Section 2.2 Affirmative Covenants of the Trust. The Trust hereby agrees (to
the extent set forth in this Section 2.2) that during the Term of this
Agreement, unless Financial Security shall otherwise expressly consent in
writing:
(a) Compliance With Agreements and Applicable Laws. The Trust shall perform
each of its obligations under the Transaction Documents and shall comply with
all material requirements of, and the Notes shall be offered and sold in
accordance with, any law, rule, regulation or order applicable to it or thereto,
or that are required in connection with its performance under any of the
Transaction Documents. The Trust will not cause or permit to become effective
any amendment to or modification of any of the Transaction Documents to which it
is a party unless Financial Security shall have previously approved in writing
the substance of such amendment or modification. The Trust shall not take any
action or fail to take any action that would interfere with the enforcement of
any rights under the Transaction Documents.
(b) Certain Information. The Trust shall keep, or cause to be kept, in
reasonable detail books and records of account of its assets and business, which
shall be furnished to Financial Security upon request. The Trust shall furnish
to Financial Security, simultaneously with the delivery of such documents to the
Indenture Trustee, the Noteholders or the Certificateholder, as the case may be,
copies of all reports, certificates, statements, financial statements or notices
furnished to the Indenture Trustee, the Noteholders or the Certificateholder, as
the case may be, pursuant to the Transaction Documents (including, but not
limited to, copies of any reports submitted to the Trust by its independent
accountants in connection with any examination of the financial statements of
the Trust).
(i) Certain Information. Not less than ten days prior to the date of
filing with the IRS of any tax return or amendment thereto, copies of the
proposed form of such return or amendment and, promptly after the filing or
sending
5
thereof, (A) copies of each tax return and amendment thereto that the Trust
files with the IRS and (B) copies of all financial statements, reports, and
registration statements which the Trust files with, or delivers to, any
federal government agency, authority or body which supervises the issuance
of securities by the Trust.
(ii) Other Information. Promptly upon the request of Financial
Security, copies of all schedules, financial statements or other similar
reports delivered to or by the Trust pursuant to the terms of this
Agreement and the other Transaction Documents and such other data as
Financial Security may reasonably request.

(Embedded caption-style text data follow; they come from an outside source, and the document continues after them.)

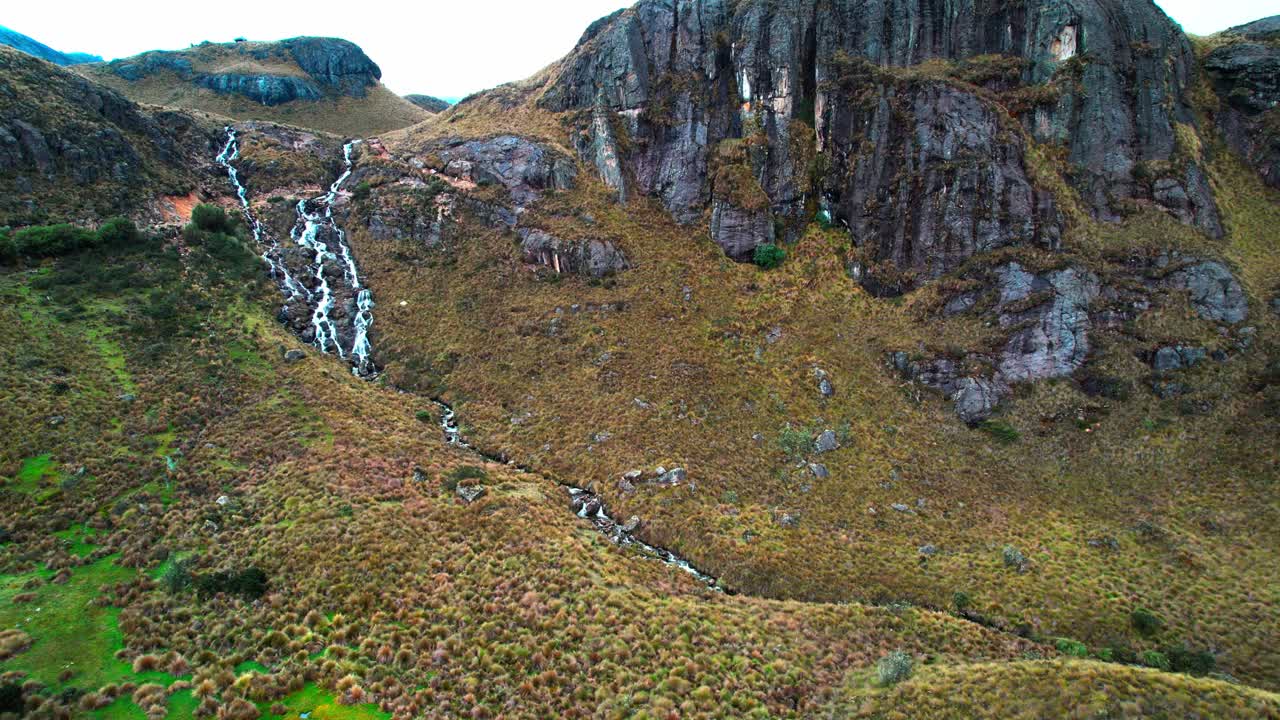 vuelo de un avión no tripulado con una toma cinematográfica de una cascada de uno de los parques más hermosos de ecuador con el sol brillando en las montañas alrededor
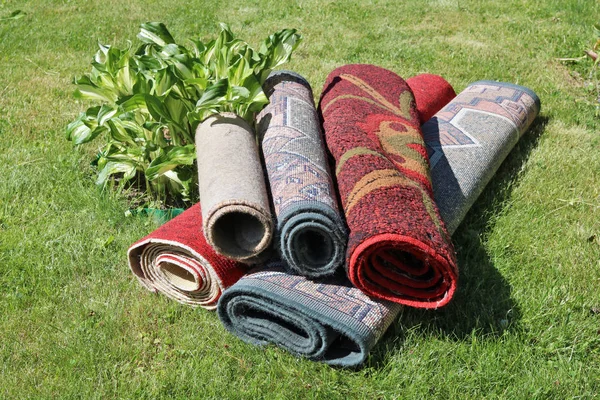 En un césped verde rural sucia alfombras sintéticas casa vieja mentira —  Fotos de Stock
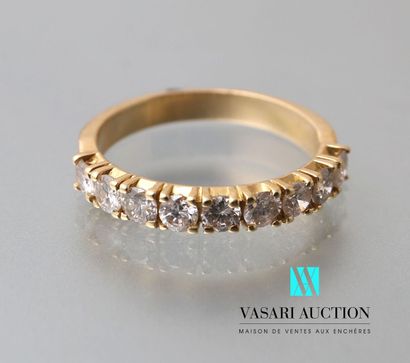 null Half ring in yellow gold 750 thousandth set with nine diamonds of about 0.10...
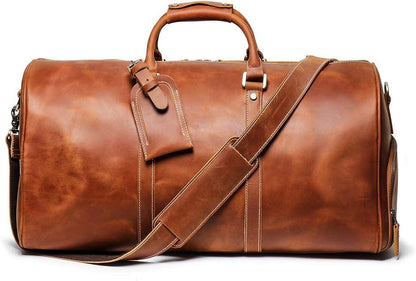 Mullis Mercantile Leather Weekender Travel Bag, a timeless classic. This vintage leather duffle bag is perfect for airline carry on, full-grain leather, a retro design, gym, and a YKK zipper in brown.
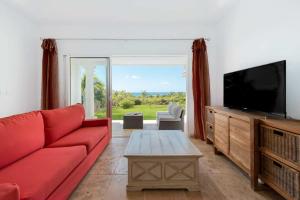 a living room with a red couch and a flat screen tv at Villa Lune de Miel in Marigot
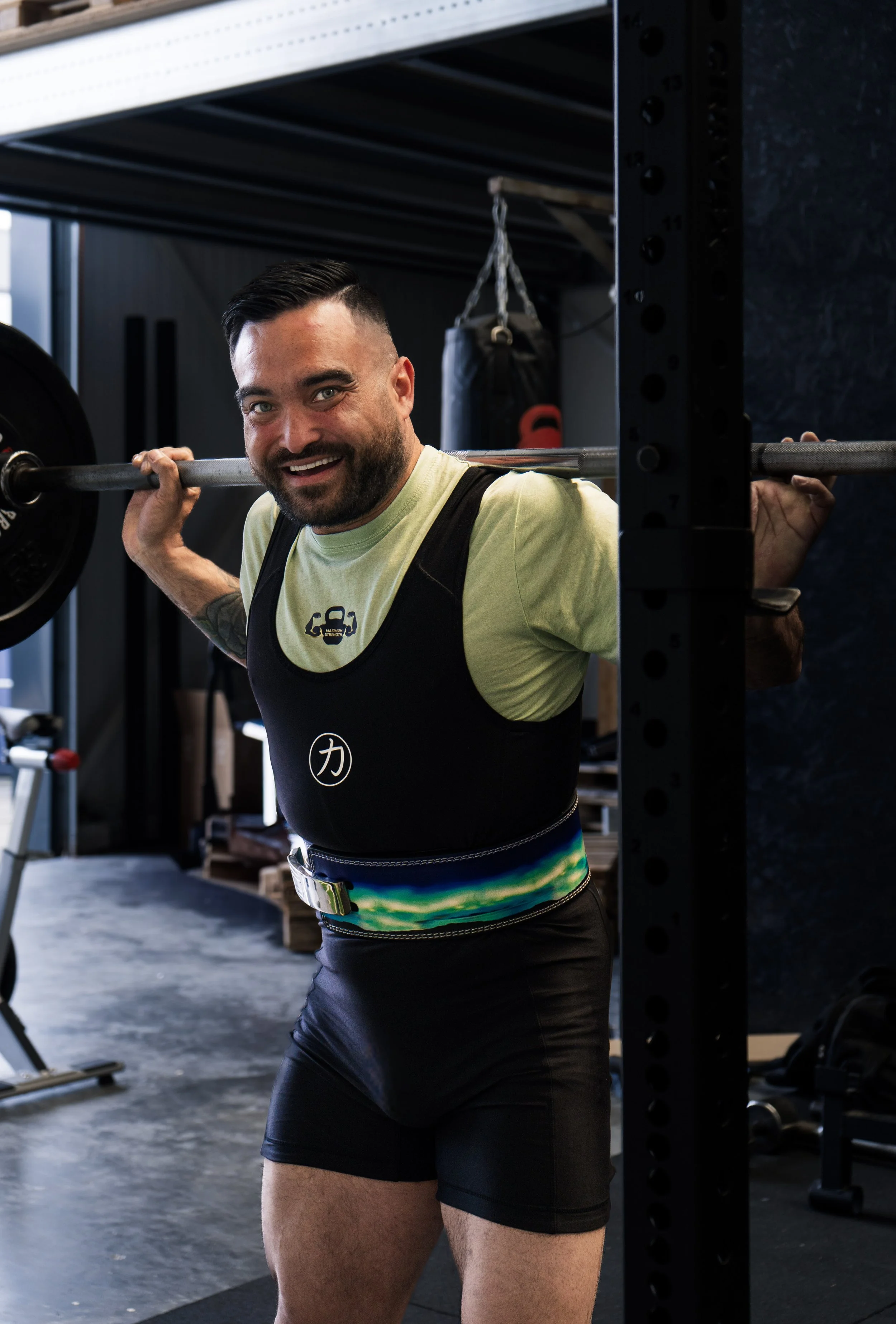 Man met sporten in sportschool, hij staat in een squatpositie met een halter op zijn schouders, glimlachend.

(iii) a review of the Trust's performance under the Transaction
Documents during such period has been made under such officer's
supervision; and
(iv) to the best of such individual's knowledge following reasonable
inquiry, no Default or Event of Default has occurred, or if a Default or
Event of Default has occurred, specifying the nature thereof and, if the
Trust has or had a right to cure pursuant to Section 5.1, stating in
reasonable detail the steps, if any, taken or being taken by the Trust to
cure such Default or Event of Default or to otherwise comply with the terms
of the Transaction Document to which such default or Event of Default
relates.
(c) Access to Records; Discussions with Officers. The Trust shall, upon the
request of Financial Security, permit Financial Security, or its authorized
agent, at the expense of Financial Security, at reasonable times and upon
reasonable prior written notice:
(i) to inspect such books and records of the Trust as may relate to
the Notes, the Certificate, the Receivables and the other Trust Property,
the obligations of the Trust under the Transaction Documents, the business
of the Trust and the transactions consummated in connection therewith; and
(ii) to discuss the affairs, finances and accounts of the Trust with
an appropriate officer of the Trust.
Such inspections and discussions shall be conducted during normal business
hours and shall not unreasonably disrupt the business of the Trust.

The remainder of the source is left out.